Posts: 4065 | Location: SC,USA | Registered: 07 March 2002
So I think most of you can understand this. There is a big difference in the taste of food that was raised in the great outdoors compared to such raised in an industrial setting.
Lab created meats, hydroponic and high tunnel vegetables, battery eggs, factory fish, and enclosed poultry houses will never produce the same flavorful food as that raised in rain, sunshine, real dirt, fed real food and a summer breeze.
~Ann
Posts: 20234 | Location: The LOST Nation | Registered: 27 March 2001
I ate the backstraps out of a Mt. Lion once..It was good btw, and at the time we were horse back and temporarily lost in the Sierra del Carmens of Norther Mexico for about 4 or 5 days, not too concerned wth being sorta lost but got pretty hungry...Id eat it again if the circumstances demanded it.. meats meat gents..Javalina in the Big Bend of Texas is plain nasty, the Javalina in te lower Rio Grande Valley of Texas is Delissios..Texas whitetail taste much better than Texas Mule deer, Ive eaten both good and bad Zebra, it mostly depends on the animals diet as to their taste..Oh did I mention I love Menudo!!!
Javelina are good eating if you care for them in the field correctly. If you want to eat it, the first thing is to skin out the scent sac on the back even before you gut it. And don't cut it, just skin it out.
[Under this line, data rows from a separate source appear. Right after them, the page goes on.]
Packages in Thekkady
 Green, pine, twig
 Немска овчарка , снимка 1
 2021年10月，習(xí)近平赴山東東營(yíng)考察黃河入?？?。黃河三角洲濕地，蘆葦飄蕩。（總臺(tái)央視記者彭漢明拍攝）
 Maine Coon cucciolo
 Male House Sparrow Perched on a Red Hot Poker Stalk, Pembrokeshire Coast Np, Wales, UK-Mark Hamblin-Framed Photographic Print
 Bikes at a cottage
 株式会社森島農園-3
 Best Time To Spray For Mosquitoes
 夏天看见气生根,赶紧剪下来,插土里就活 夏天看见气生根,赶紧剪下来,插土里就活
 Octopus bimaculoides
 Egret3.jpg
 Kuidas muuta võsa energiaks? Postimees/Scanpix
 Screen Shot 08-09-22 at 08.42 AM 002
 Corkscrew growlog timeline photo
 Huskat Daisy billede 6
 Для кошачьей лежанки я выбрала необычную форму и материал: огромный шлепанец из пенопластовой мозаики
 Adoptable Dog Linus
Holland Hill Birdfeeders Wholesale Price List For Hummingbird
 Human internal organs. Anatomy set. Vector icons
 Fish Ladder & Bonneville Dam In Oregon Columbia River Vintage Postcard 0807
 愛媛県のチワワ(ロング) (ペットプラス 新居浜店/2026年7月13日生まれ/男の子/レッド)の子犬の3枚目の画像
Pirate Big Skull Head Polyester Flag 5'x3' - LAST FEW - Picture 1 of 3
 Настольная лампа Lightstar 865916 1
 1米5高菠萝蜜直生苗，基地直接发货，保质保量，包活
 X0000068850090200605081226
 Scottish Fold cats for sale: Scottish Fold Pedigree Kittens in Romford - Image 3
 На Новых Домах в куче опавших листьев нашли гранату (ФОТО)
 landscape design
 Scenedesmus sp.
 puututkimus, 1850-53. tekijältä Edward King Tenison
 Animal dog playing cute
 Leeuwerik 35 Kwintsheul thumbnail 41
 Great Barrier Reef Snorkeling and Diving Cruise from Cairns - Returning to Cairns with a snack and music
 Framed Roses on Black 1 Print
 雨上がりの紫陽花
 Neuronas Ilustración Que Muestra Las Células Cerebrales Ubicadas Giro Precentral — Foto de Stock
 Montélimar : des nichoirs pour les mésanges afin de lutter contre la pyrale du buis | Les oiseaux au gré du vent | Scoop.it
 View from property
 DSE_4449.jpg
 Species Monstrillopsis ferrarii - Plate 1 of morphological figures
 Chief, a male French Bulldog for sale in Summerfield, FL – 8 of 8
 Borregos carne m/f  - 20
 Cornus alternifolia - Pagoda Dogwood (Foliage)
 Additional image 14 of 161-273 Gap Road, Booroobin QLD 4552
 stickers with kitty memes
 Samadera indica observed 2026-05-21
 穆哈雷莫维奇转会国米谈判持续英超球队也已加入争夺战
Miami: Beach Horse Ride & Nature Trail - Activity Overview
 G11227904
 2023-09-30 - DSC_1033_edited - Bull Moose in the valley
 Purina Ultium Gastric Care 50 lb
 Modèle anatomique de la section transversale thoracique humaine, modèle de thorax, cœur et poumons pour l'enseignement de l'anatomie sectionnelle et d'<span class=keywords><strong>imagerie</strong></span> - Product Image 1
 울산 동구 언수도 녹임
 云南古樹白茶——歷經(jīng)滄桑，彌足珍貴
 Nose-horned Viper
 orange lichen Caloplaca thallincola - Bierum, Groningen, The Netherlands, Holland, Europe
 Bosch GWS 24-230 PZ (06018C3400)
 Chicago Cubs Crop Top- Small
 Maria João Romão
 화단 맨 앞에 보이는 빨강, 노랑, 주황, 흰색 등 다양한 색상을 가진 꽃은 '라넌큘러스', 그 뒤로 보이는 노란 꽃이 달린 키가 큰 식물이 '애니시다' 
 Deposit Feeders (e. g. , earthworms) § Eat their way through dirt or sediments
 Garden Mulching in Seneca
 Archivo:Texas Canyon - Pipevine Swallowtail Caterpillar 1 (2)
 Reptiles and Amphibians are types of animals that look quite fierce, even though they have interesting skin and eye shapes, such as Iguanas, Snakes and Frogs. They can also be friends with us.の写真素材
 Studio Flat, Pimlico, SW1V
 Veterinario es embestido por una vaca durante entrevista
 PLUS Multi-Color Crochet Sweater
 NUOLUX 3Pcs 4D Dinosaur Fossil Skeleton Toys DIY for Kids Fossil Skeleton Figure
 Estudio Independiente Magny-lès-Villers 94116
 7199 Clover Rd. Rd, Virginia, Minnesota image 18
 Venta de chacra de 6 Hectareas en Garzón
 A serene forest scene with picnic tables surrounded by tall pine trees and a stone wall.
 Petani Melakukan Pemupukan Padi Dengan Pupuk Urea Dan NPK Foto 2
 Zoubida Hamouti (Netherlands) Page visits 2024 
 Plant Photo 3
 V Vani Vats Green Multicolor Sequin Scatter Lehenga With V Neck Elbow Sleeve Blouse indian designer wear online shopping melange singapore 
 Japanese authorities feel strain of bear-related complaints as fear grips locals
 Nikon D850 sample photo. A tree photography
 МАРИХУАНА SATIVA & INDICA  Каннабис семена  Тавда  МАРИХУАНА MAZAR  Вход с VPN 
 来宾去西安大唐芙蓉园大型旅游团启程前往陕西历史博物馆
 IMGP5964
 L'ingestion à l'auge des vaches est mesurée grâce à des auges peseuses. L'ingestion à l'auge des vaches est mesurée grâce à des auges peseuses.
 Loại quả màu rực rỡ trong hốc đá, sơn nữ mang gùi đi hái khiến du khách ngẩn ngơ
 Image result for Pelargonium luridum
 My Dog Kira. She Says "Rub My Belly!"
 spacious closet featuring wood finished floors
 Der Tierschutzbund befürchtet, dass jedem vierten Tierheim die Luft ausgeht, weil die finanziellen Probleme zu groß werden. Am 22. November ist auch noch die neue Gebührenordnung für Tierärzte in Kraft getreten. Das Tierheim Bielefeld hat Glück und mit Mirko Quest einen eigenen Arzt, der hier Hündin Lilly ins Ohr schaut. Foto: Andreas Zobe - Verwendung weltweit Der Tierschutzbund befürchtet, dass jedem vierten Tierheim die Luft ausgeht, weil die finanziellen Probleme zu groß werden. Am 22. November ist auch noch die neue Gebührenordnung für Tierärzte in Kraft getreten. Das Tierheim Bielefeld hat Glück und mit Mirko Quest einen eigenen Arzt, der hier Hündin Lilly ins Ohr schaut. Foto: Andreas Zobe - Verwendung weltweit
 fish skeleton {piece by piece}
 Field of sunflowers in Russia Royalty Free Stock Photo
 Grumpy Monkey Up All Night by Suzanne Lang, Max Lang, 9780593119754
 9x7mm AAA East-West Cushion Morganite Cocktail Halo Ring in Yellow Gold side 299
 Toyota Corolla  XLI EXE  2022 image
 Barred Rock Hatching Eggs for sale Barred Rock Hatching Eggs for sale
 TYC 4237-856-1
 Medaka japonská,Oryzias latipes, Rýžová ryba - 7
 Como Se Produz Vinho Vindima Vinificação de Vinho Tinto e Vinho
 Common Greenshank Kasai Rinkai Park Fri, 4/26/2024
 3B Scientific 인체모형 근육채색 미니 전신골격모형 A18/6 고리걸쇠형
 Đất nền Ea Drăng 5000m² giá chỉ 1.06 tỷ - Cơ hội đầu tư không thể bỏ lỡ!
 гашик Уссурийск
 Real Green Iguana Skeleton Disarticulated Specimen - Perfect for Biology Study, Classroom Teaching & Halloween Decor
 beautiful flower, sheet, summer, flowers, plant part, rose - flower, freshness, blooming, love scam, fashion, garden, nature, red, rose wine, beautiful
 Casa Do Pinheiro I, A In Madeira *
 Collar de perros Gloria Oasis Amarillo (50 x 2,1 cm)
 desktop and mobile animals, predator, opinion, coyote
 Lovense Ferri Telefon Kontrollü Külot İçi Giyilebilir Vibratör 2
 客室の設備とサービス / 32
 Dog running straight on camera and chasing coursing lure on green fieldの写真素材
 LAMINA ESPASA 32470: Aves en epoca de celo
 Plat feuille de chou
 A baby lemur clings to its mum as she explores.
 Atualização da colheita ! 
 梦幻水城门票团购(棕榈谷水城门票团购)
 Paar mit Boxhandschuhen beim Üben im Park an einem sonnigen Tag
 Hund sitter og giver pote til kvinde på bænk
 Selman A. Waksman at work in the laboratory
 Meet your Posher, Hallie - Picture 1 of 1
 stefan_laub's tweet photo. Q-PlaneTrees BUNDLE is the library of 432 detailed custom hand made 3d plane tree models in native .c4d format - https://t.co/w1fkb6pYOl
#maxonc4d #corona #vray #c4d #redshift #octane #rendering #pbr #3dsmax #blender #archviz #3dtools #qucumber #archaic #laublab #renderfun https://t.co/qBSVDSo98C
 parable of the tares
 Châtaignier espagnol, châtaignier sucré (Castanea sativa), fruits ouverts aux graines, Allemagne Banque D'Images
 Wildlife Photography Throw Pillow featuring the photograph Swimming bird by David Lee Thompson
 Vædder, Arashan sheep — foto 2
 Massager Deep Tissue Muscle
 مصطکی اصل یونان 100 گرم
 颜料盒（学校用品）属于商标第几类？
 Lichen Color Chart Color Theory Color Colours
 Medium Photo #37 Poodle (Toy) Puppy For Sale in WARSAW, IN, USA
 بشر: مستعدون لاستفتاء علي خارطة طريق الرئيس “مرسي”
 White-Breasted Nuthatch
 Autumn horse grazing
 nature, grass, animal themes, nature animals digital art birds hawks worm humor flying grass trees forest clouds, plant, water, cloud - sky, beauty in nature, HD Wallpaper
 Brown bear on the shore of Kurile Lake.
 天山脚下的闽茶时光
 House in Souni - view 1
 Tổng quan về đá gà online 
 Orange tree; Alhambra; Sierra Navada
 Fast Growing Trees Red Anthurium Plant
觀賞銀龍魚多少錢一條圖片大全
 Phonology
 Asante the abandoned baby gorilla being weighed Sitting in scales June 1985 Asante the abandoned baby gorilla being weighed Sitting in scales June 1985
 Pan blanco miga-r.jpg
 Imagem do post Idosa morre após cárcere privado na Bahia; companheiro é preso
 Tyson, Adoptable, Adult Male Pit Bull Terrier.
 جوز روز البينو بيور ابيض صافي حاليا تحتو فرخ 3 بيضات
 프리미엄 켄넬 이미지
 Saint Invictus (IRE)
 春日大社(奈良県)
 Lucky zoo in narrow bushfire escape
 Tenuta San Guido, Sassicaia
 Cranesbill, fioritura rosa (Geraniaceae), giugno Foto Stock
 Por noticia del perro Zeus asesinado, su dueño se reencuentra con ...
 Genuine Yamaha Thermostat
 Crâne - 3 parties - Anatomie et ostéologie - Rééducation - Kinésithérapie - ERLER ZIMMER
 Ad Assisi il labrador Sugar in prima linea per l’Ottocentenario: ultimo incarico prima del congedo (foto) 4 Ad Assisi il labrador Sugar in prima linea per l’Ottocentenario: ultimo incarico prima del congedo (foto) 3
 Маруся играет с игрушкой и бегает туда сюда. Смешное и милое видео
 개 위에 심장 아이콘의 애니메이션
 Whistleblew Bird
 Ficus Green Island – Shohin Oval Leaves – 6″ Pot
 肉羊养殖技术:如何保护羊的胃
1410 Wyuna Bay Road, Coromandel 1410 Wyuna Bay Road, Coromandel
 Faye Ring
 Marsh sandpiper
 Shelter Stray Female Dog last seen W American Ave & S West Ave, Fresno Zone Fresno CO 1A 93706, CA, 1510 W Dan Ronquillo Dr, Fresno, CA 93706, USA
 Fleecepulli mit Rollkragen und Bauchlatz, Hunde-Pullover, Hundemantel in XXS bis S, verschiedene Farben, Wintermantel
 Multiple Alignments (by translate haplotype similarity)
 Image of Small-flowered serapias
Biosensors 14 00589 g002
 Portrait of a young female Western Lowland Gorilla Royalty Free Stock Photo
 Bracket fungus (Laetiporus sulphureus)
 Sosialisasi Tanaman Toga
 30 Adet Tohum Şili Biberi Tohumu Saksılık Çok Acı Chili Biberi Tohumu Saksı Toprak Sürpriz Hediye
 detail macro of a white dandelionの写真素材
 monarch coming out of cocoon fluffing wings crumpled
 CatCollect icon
It resembles an udder on a doe, so it's not hard. But get that away from the meat asap.
Then either change knives or wash your original one thoroughly. Gut and skin the animal. Then take a shower with flea soap.
After that, I used to marinate in red wine and insert cloves and it was pretty good. But I'm older now and don't like fleas. So I pretty much leave them alone.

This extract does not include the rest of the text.